What needs reproducing is the run of lines in the data below starting at the line with "Customcontenedor Para Capacillos" and ending at the line with "BLACK COMME des GARCONS（ブラックコムデギャルソン）BLACK", both ends included. Copy it exactly, without pictures, and add nothing.

▶ LISTED RECORDS:
⁂
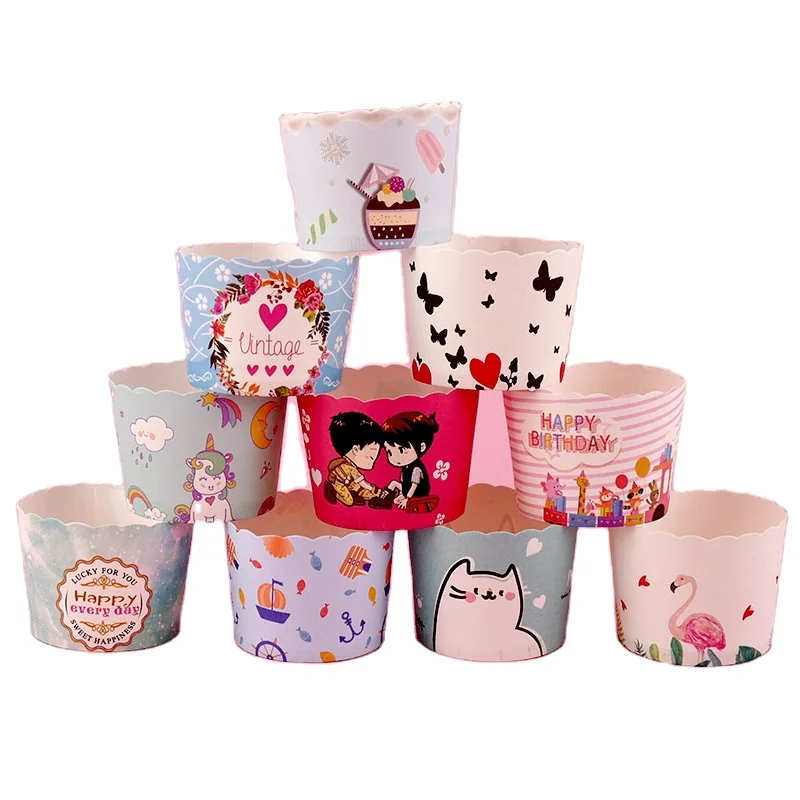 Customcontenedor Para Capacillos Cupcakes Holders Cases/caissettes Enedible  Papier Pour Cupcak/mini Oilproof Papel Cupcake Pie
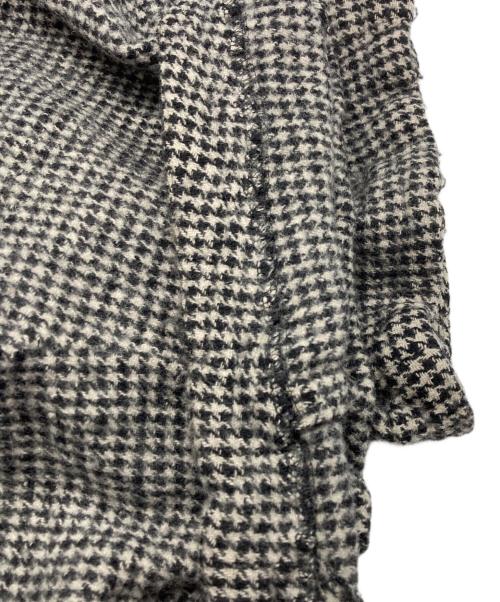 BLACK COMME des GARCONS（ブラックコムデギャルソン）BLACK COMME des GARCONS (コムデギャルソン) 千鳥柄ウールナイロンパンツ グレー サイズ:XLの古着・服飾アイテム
⁂
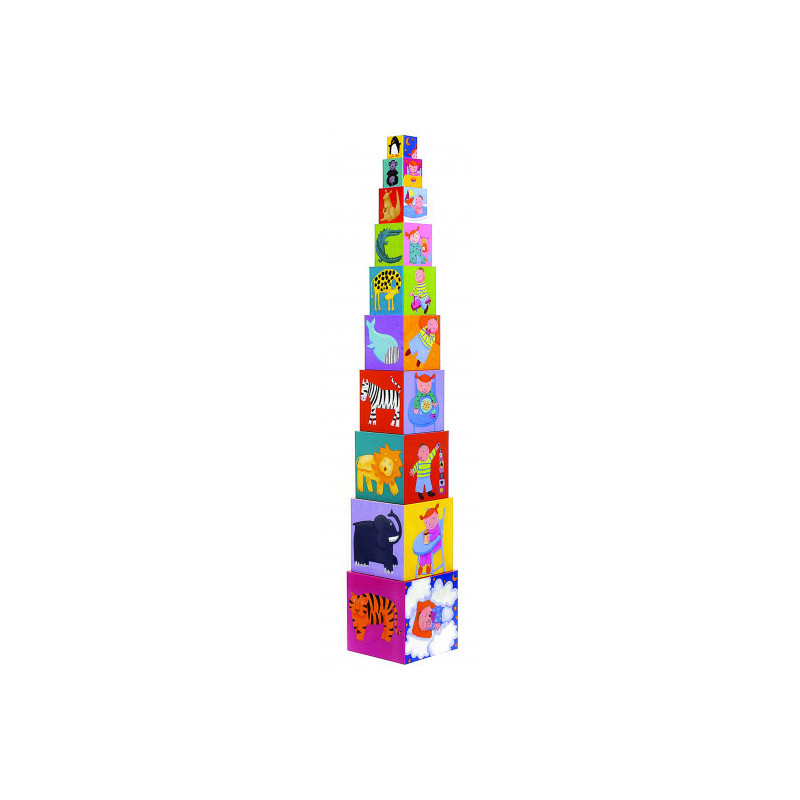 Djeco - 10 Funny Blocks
⁂
▶ OUTPUT OF THE TASK:
 Customcontenedor Para Capacillos Cupcakes Holders Cases/caissettes Enedible  Papier Pour Cupcak/mini Oilproof Papel Cupcake Pie
 BLACK COMME des GARCONS（ブラックコムデギャルソン）BLACK COMME des GARCONS (コムデギャルソン) 千鳥柄ウールナイロンパンツ グレー サイズ:XLの古着・服飾アイテム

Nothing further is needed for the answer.